1st, there is no standard threshold above which something is called #CytokineStorm.

Mechanistically, the simplest form of #CytokineStorm we can understand is when anti-CD19 #CART cells are infused in tumor-bearing recipients.
in this scenario, we have large numbers of antigen-specific T cells (anti-CD19) and large numbers of antigen-bearing cells (CD19+ tumor cells). When too many T cells engage with too many antigens simultaneously in a short period of time we get #CytokineStorm
Why is that? This is because naturally developing an adaptive immune system (T cells) ordinarily doesn't work that way. 1st, for a given antigen we have very few antigen-specific T cells (~ 50 cells/antigen, unlike anti-CD19 CAR-T cells that are in millions).

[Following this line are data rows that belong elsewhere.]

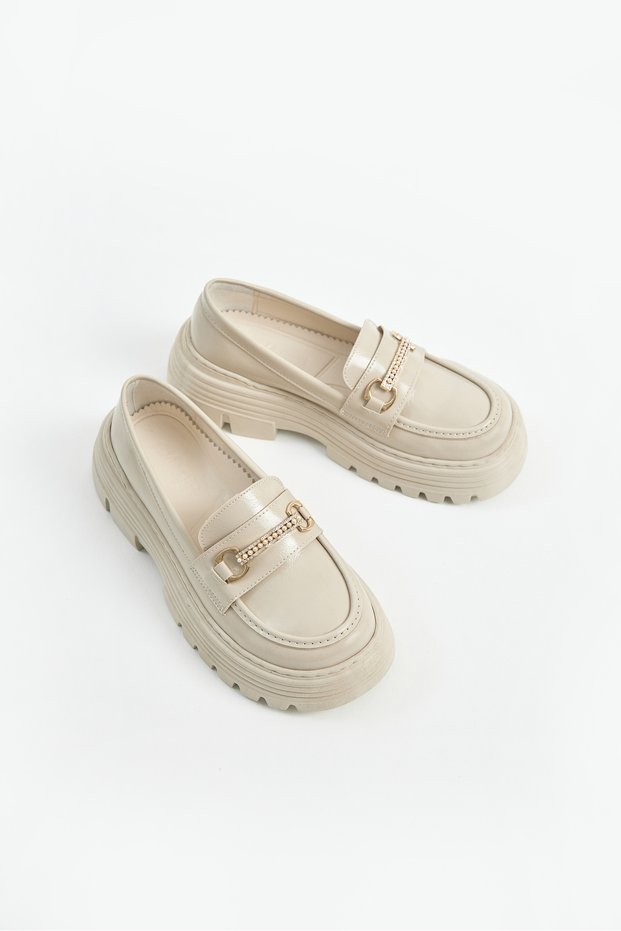 Women's Beige Patent Leather Thick Sole Buckle Casual Shoes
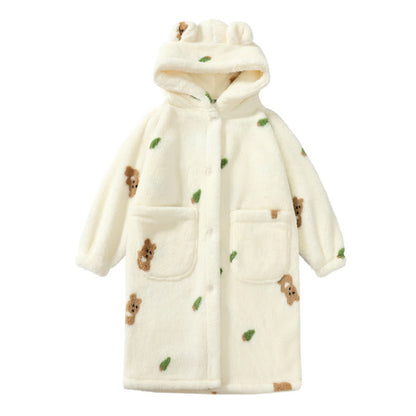 Bear Ear Hooded Button Plush Child Robe - White - Child:160-170cm - image 7
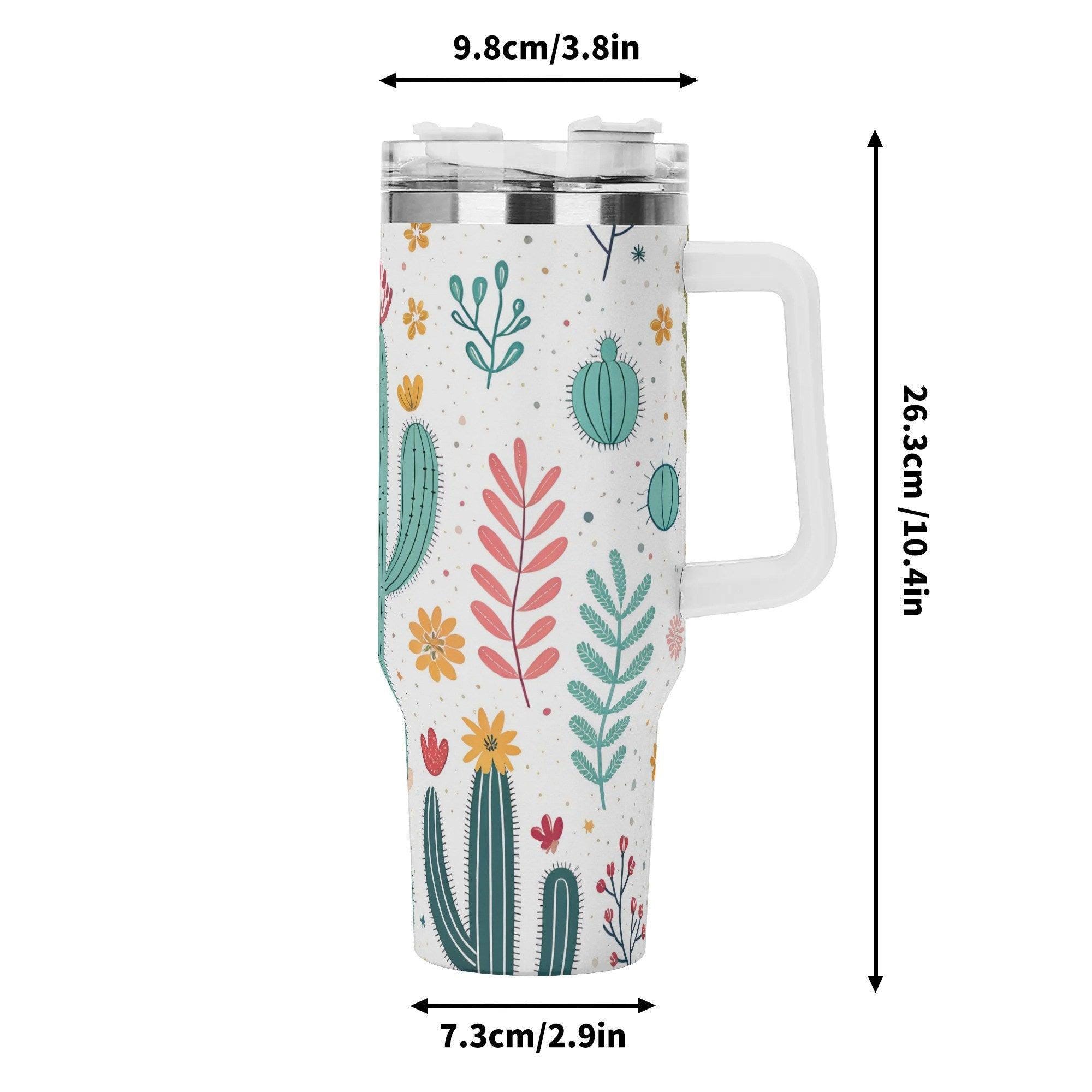 Pastel Prickles 40oz Stainless Steel Tumbler With Handle and Straw - Thumbnail 7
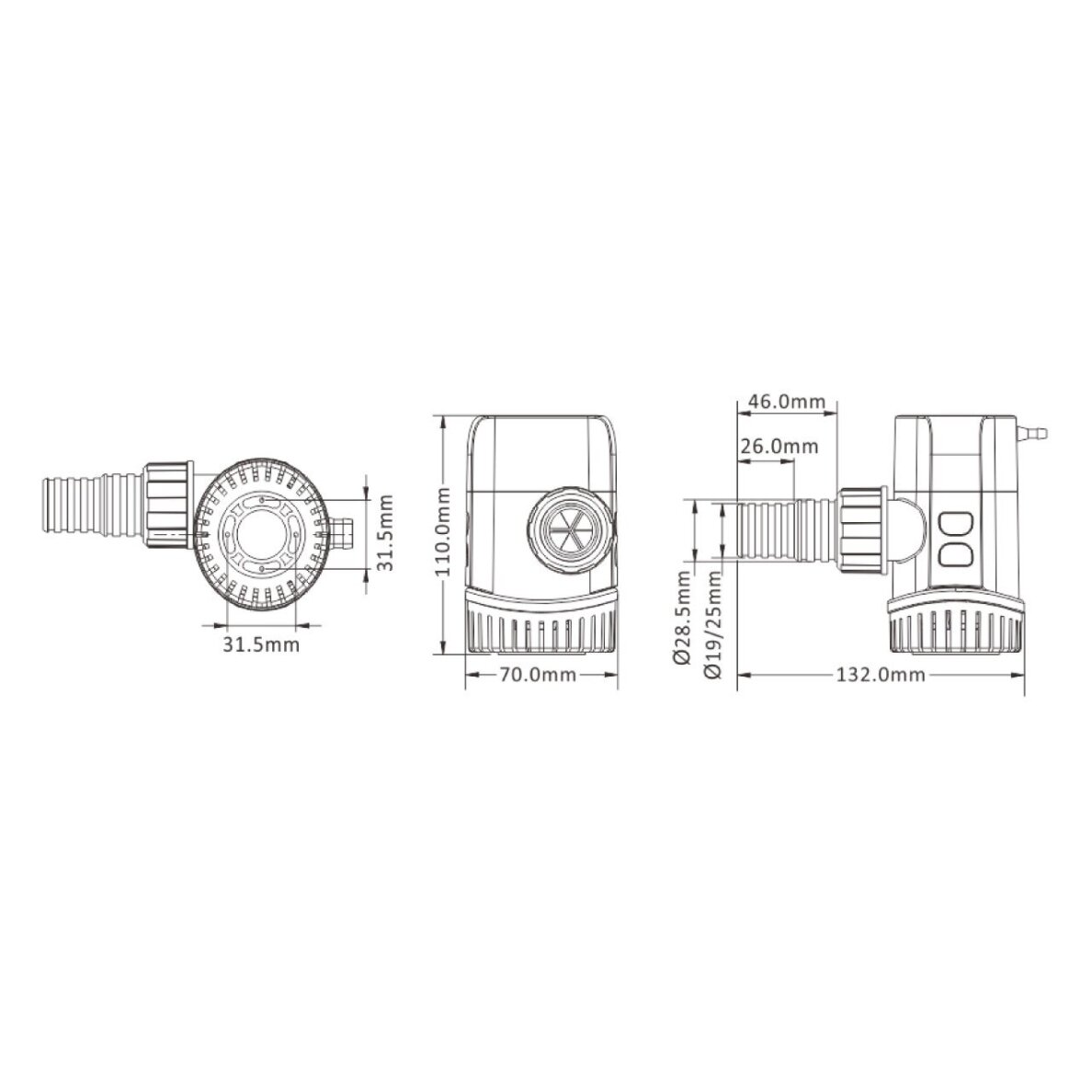 Seaflo automatinė triumo pompa 13B, 12V 1100 GPH 1 Seaflo automatinė triumo pompa 13B, 12V 1100 GPH 1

These few antigen-specific T cells take time to expand (~3-7 days or even longer) and even after expansion these T cells don't attack the antigen at the same time. This is a gradual process. The first wave of T cells will eliminate some antigen[virus]-bearing cells,
then the 2nd wave and etc. So, ordinarily, the immune system did not reach the level of #CytokineStorm. So, CAR-T cells induced cytokine storm is a man-made event.
OK, in what condition the immune system can develop cytokine storm naturally? One, when superantigen activates T cells nonspecifically. These are special molecules some pathogen produce that engages T cells outside antigen-binding pockets.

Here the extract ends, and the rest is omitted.